I won't give much more away.
This is a very divisive story, and I believe many who dislike Harlan Ellison do so partly as a result of "A Boy and His Dog." The younger me enjoyed Ellison's work more than the older me, but while I did not like this story as much as I did when I was a teen, I did genuinely enjoy it upon re-reading it a couple of week ago. Much maligned for its misogyny and dislikeable characters, these are actually important elements in the world Ellison has envisioned. I don't read the story as a statement on women, but as a consequence on all who live in this post-apocalyptic society. That the characters are unlikeable (detestable, to be more accurate) is a reflection of the world in which they inhabit, and in which many of them were born. The post nuclear society is the germ of the story, and from where the characters stem.
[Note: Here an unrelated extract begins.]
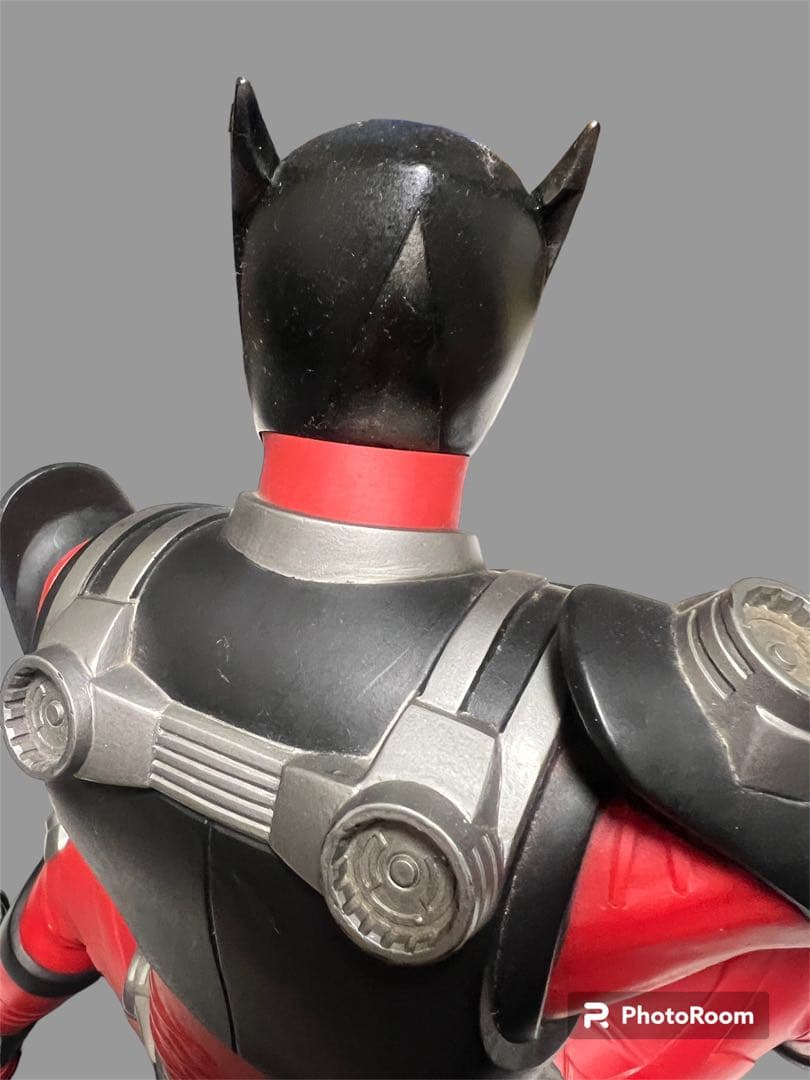 【京本コレクション】東映ヒーローネット限定仮面ライダーリュウガ/龍騎【セット】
To be clear, I do not find myself rooting for Vic and Blood. In this respect I understand the hatred the story receives, since Ellison does seem to want readers to have a certain amount of empathy for them. Vic is entirely amoral, a serial rapist and cold-blooded killer, and his relationship with the dog, the ability for him to achieve this bond, which is the heart of the story, is supposed to redeem him to some degree, but to me it does not. I see the relationship as part of the survival aspect of the duo, that the two are bound together for a basic need that keeps them going. For Blood it is simply food, whereas for the teen Vic the desire for sex is his only driving point, and without it life would not be worth living. Their tribulations in the two societies and their bond with each other do not earn my sympathies and instead I hope that they fail. They do not fail, and we can only imagine the kind of world that will emerge from this post-apocalyptic society.
3 comments:
Ellison was having some fun with the whole dynamic of Boy and His Dog stories, turning them on their head, and with the notion of love conquering all, when the (as you note) utterly obnoxious human characters have something only distantly related to love, while the pair bonding between Blood and Vic is somewhat more thorough. Ellison wasn't the best advocate for women or feminism at this point (nor later), while trying to learn (even if he didn't quite learn enough to help him realize when an obnoxious joke was too obnoxious, as with the notorious Connie Willis incident...though even Ellison thus was still considerably ahead of some of the generation before him, such as Asimov, another who felt himself pro-feminist while often behaving entirely otherwise interpersonally).
I think you'd still get a stiff argument against the notion that UNKNOWN was a lesser magazine than ASTOUNDING...it's quick death just stokes the nostalgia. But while it did run some weaker work, it also carried brillian work by Fritz Leiber, C. L. Moore, Theodore Sturgeon and Manly Wade Wellman, among many others...I think these would tend to stack up favorably vs. certain creaking Van Vogt stories, among others. Fantasy magazines have not reliably sold on newsstands in part because the fantasy audience wasn't nearly as self-consciously so as the sf or crime fiction or western audiences, certainly not till the realizations of readers in the '60s that they liked the work of Tolkien and other epic fantasists, Howard and other s&s writers, and Ira Levin and other horror writers on a more than random basis...horror, particularly, until the '70s would often be tagged "sf" or "mystery" (the bold would tag them, say, "novels of suspense") to sell them to shops which recalled how much hell fell on their heads with horror comics in the early/ mid '50s...and by those years, fiction magazines were a novelty to many...even as slick magazines began to cut back on fiction.
Wow...well, this is where This ended up!